Not a valid assumption; you can't rely on consistent VM space among
multiple [non-cloned] processes without a serious amount of effort.
Anything can use that space, it's not just file views. Obviously it
happens to work some of the time, but when it doesn't, it doesn't. I
gather postgres depends on it being at the same address, and fixing
that isn't trivial?

If everything relevant is going through the intriguing
internal_forkexec(), you could probably reserve address space there
before resuming the thread. You'd want to combine this with picking
address space that's less likely to be used before creating the shared
memory section. (Actually, if you're doing that, you might as well
just inject the backend variables too instead of going through the
mapped file gymnastics.)

Not a simple change, but would likely make this particular problem go
away (assuming this is the problem). It's also the first time I've
looked at the source, so perhaps I missed something.
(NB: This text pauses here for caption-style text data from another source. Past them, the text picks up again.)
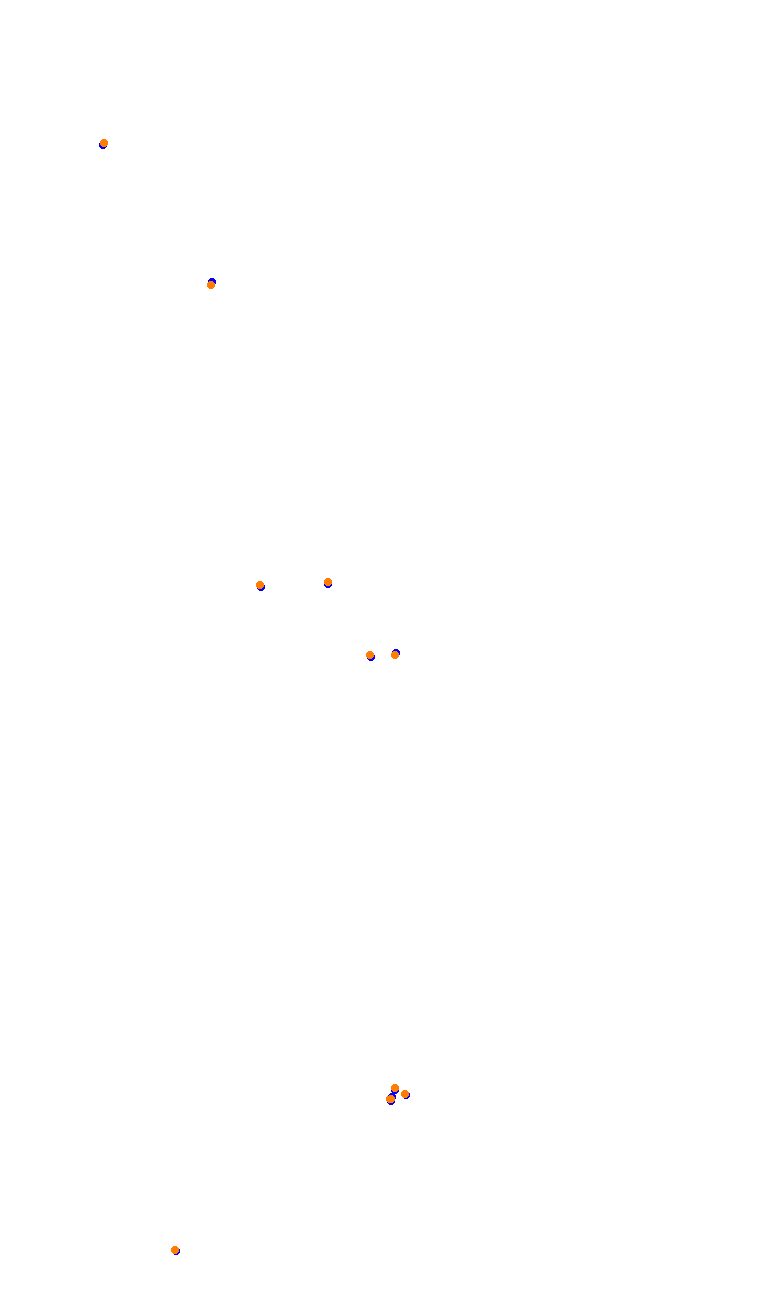 TAI MO SHAN (HK51 - 66 Pits) v1.0 collisions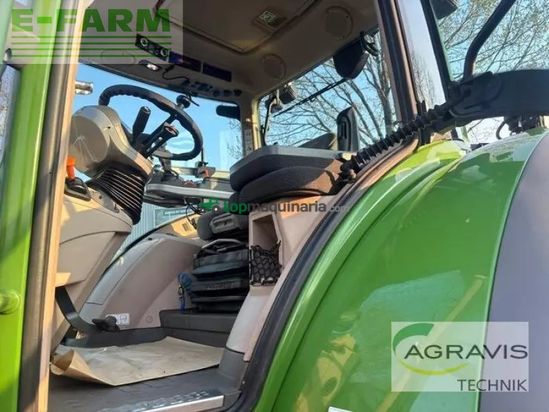 Tractor agrícola - Fendt - 724 vario s4 profi plus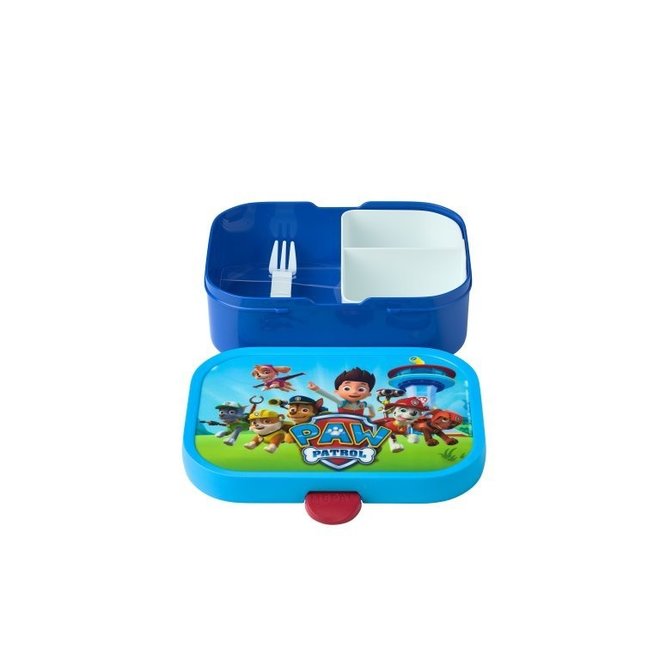 Paw Patrol Lunchset: Broodtrommel met Pop-up Beker - Mepal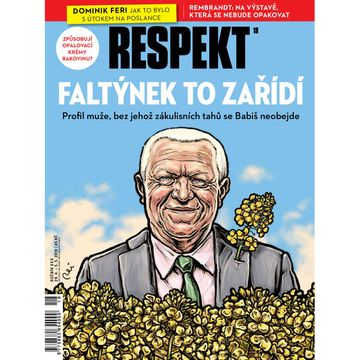 Respekt 18/2019 audiobook, Respekt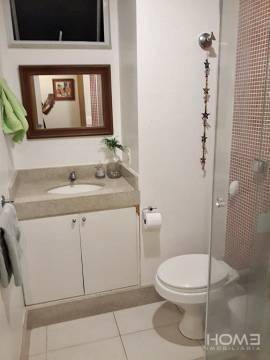 Imagem 7 de 8 de Lindo Apartamento Mobiliado 1 Dormitório À Venda, 40 M² Por R$ 550.000 - Copacabana - Rio De Janeiro/rj - Ap2309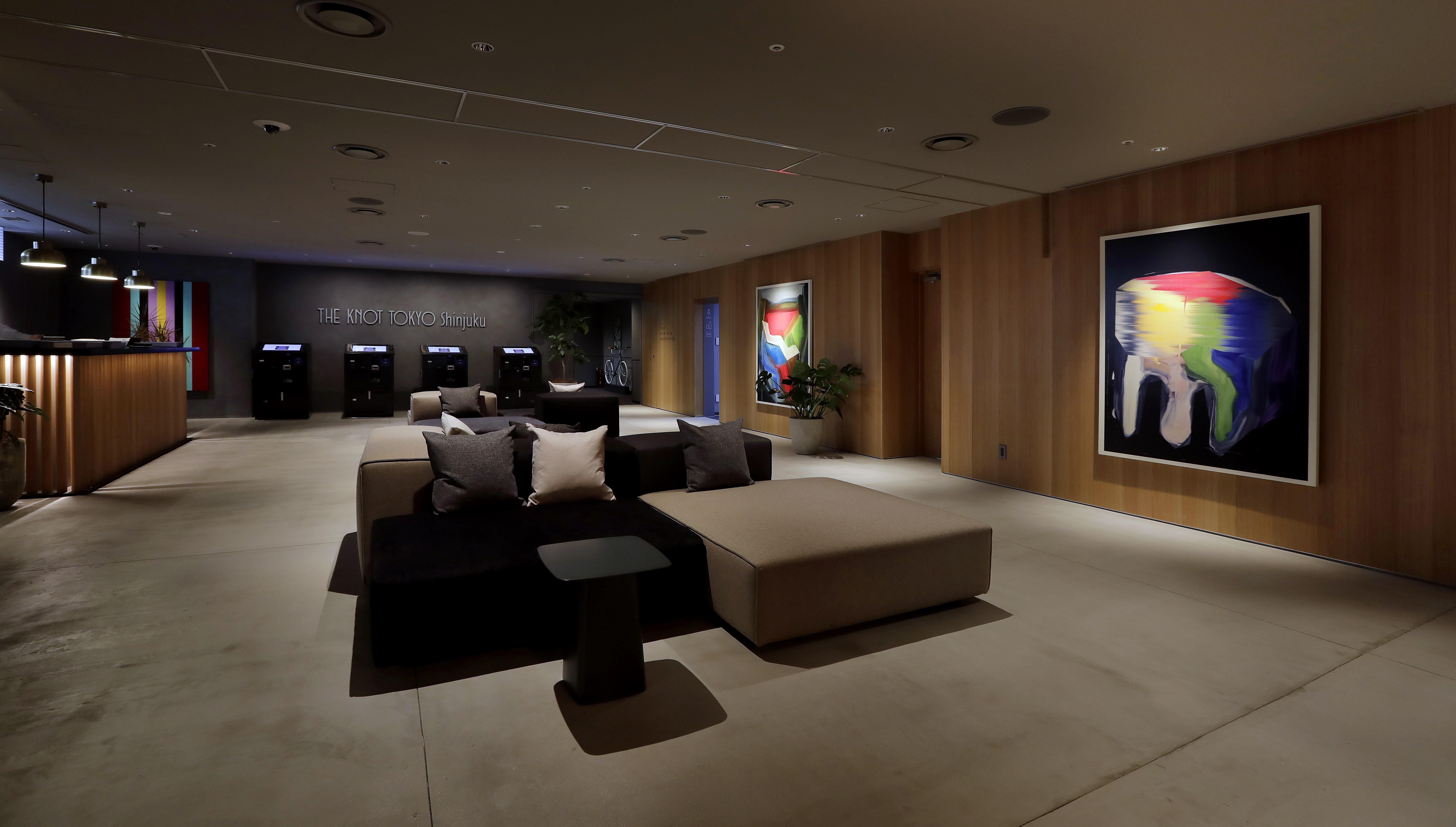 The Knot Tokyo Shinjuku Hotel Екстериор снимка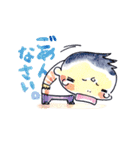 りん坊スタンプ（個別スタンプ：17）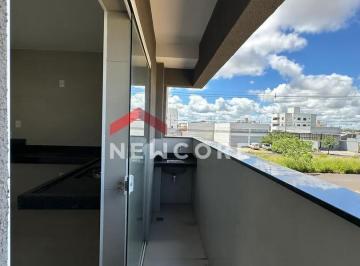 Apartamento · 99m² · 3 Quartos · 2 Vagas · Apartamento em Avenida Ubirajara Zacharias - Novo Mundo - Uberlândia/MG
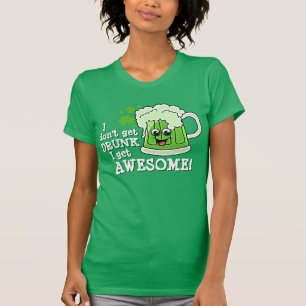 Ich erhalte nicht ich erhalte FANTASTISCH T-Shirt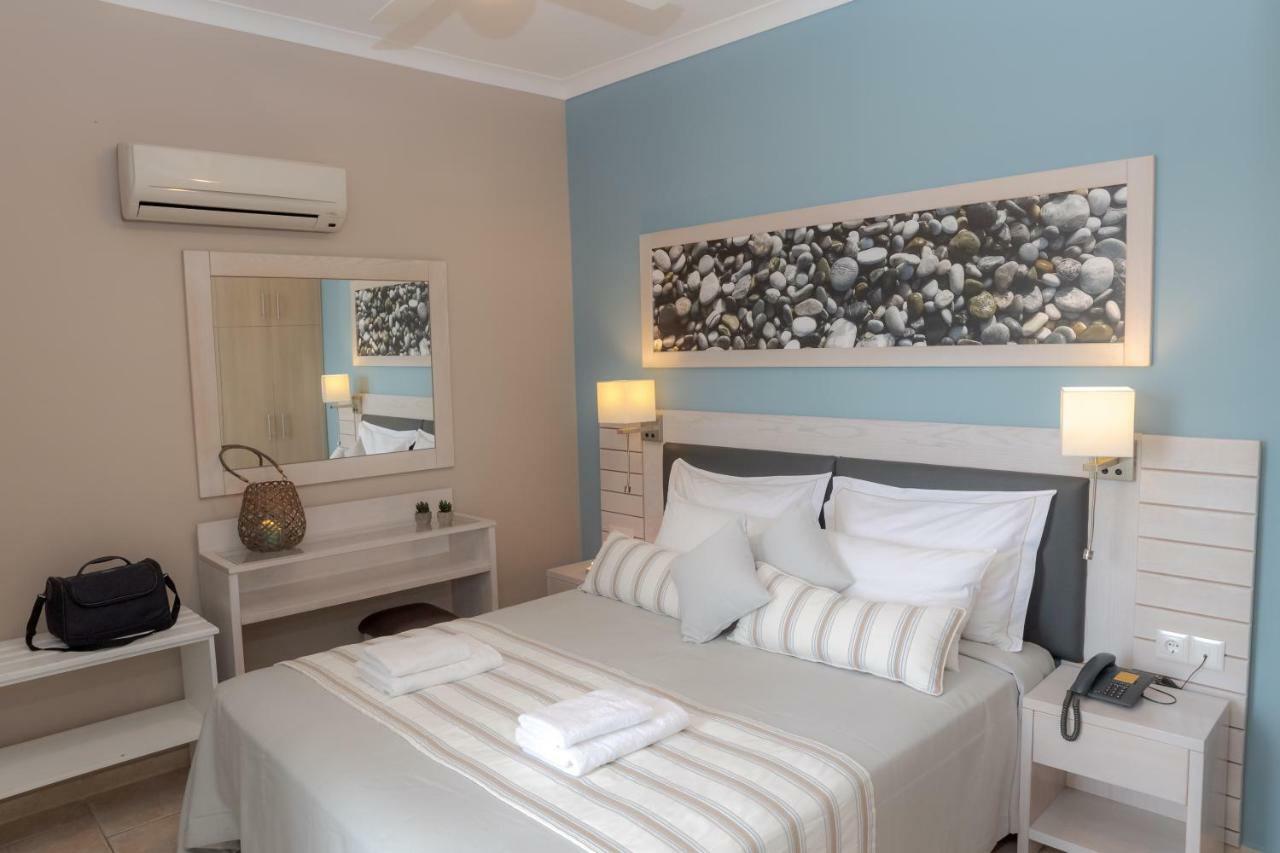 Theoxenia Chios Apartments Paralia Agias Foteinis Eksteriør bilde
From: Gregory Stark <stark(at)enterprisedb(dot)com>
To: "Trevor Talbot" <quension(at)gmail(dot)com>
Cc: "Magnus Hagander" <magnus(at)hagander(dot)net>, "Shelby Cain" <alyandon(at)yahoo(dot)com>, "Alvaro Herrera" <alvherre(at)commandprompt(dot)com>, "Terry Yapt" <yapt(at)technovell(dot)com>, <pgsql-general(at)postgresql(dot)org>
Subject: Re: FATAL: could not reattach to shared memory (Win32)
Date: 2007-08-24 14:02:32
Message-ID: 87ir751153.fsf@oxford.xeocode.com
Views: Raw Message | Whole Thread | Download mbox | Resend email
Lists: pgsql-general

"Trevor Talbot" <quension(at)gmail(dot)com> writes:

> I gather postgres depends on it being at the same address, and fixing that
> isn't trivial?

I haven't been following the rest of the thread so I'm not sure if this is
important. But no, fixing that should be relatively trivial as there are
already some configurations where it's not the case (the EXEC_BACKEND case I
believe). The rest of the system uses a shared memory base pointer and
references everything relative to that.

--
Gregory Stark
EnterpriseDB http://www.enterprisedb.com


From: Bruce Momjian <bruce(at)momjian(dot)us>
To: Trevor Talbot <quension(at)gmail(dot)com>
Cc: Magnus Hagander <magnus(at)hagander(dot)net>, Shelby Cain <alyandon(at)yahoo(dot)com>, Alvaro Herrera <alvherre(at)commandprompt(dot)com>, Terry Yapt <yapt(at)technovell(dot)com>, pgsql-general(at)postgresql(dot)org
Subject: Re: FATAL: could not reattach to shared memory (Win32)
Date: 2007-08-24 15:06:27
Message-ID: 200708241506.l7OF6R700259@momjian.us
Views: Raw Message | Whole Thread | Download mbox | Resend email
Lists: pgsql-general

Trevor Talbot wrote:
> On 8/23/07, Magnus Hagander <magnus(at)hagander(dot)net> wrote:
> > Shelby Cain wrote:
>
> > > Wild guess on my part... could that error be the result of an attempt
> > > to map shared memory into a process at a fixed location that just
> > > happens to already be occupied by a dll that Windows had decided to
> > > relocate?
> >
> > Not that wild a guess, really :-) I'd say it's a very good possibility -
> > but I have no idea why it'd do that, since all backends load the same
> > DLLs at that stage.
>
> Not a valid assumption; you can't rely on consistent VM space among
> multiple [non-cloned] processes without a serious amount of effort.
> Anything can use that space, it's not just file views. Obviously it
> happens to work some of the time, but when it doesn't, it doesn't. I
> gather postgres depends on it being at the same address, and fixing
> that isn't trivial?
>
> If everything relevant is going through the intriguing
> internal_forkexec(), you could probably reserve address space there
> before resuming the thread. You'd want to combine this with picking
> address space that's less likely to be used before creating the shared
> memory section. (Actually, if you're doing that, you might as well
> just inject the backend variables too instead of going through the
> mapped file gymnastics.)
>
> Not a simple change, but would likely make this particular problem go
> away (assuming this is the problem). It's also the first time I've
> looked at the source, so perhaps I missed something.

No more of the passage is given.